We feel as if we are split in two. On one hand, we have been in full out crisis mode, struggling to respond to urgent immediate needs in the already vulnerable communities we serve (e.g., Mutual Aid work, see below). Many LiKENeers are parents carrying the triple burden of new labors, uncertainties, and stressors at home. On the other hand, the heart of LiKEN’s mission is to nurture livelihoods and well-being through system change. It is in crises like this pandemic that the structural inequities around us are highlighted.  Struggles are brought to light that have been ignored or hidden.
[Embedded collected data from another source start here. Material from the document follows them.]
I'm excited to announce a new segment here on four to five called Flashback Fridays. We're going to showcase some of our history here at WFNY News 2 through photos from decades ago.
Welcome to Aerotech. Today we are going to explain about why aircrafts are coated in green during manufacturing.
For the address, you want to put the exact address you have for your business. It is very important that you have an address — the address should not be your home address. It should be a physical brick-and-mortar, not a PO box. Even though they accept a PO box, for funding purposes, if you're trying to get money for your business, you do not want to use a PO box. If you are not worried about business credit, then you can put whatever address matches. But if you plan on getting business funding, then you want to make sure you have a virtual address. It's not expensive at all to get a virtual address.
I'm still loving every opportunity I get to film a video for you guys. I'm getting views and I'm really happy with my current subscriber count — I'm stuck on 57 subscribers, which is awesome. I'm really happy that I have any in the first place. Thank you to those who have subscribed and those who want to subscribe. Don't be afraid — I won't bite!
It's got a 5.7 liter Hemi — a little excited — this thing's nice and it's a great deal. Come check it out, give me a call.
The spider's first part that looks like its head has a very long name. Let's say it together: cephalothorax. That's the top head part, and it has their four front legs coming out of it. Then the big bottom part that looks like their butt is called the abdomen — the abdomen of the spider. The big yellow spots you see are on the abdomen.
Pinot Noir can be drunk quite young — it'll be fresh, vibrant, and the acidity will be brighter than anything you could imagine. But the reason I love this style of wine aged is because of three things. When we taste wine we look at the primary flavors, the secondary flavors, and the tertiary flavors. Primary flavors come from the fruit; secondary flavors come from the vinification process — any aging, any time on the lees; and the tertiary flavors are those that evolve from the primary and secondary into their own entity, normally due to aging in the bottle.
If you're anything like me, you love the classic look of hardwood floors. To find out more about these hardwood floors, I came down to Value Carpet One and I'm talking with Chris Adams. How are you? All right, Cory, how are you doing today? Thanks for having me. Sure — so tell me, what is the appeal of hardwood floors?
An extraordinary gift of the “Black Lives Matter” movement to our country has been the ways it has opened new public spaces for collective action about old (and continued) structures of exploitation and violence. 

Over the past four months, we have struggled to heal this split, to get the right balance between crisis response and structural transformation.  If we are truly a link-tank, are we adequately linking work on both slow and fast violences? Should we do more mutual aid and crisis response? Land inequality is a key issue in most of our projects. Are we showing the links between redlining in residential real estate (that is a primary cause of the racial wealth gap) and other land grabs (such as corporate control of land in fossil fuel extraction zones), and the colonial settler mentality and histories that viciously suppress Indigenous rights and histories?